Configuring you CI server as a Se-Grid replacement is easy-peasy; just create a parallel job chain.
But the bigger question is why you would want to do this. To me, the big thing is a visibility the CI server provides you for your runs. With Se-Grid, you have a single job and either it passes, or doesn’t. Well, which of your OS/browser/version combinations didn’t work? Time to start digging… With the CI route, you just look at the individual job results and it becomes quite apparent which one didn’t work.

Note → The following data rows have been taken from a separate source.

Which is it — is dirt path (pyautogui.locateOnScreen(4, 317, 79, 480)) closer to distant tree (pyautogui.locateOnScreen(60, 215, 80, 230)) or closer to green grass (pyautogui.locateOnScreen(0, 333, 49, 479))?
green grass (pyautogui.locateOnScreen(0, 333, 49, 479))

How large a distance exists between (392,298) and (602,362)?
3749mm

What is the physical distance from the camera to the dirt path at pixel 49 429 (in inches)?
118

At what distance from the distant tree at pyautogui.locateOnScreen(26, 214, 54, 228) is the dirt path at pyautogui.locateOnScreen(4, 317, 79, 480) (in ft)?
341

Which leads to the next reason; debugging. If you have four environments in your grid_configuration.yml file and only one is misbehaving, in order to debug on that single one you have to change the file. This either means that you have to commit a change to a file, or log into a machine and modify a file. Either is bad. You should never have to log into a machine used for automation — that is why there exists things like Puppet. And committing things in should have other ramifications — like starting a new run through a build pipeline which seems silly for just a config. And a debug config at that.
And those two reasons are enough for me. But if you needed some other reasons:
- Your CI server server at this point is likely going to be distributing tests on multiple machines. And so by adding Se-Grid on top of that you have put another way of communicating to remote machines. ‘Another’ is a synonym for ‘something else that could go wrong and have to debug’.
- Se-Grid functionality is planned for inclusion in future versions of the Selenium Server, which will address the problem of it falling out of step with the ‘current’ version of things. I believe now it includes 1.0.3 of the Selenium Server which is old.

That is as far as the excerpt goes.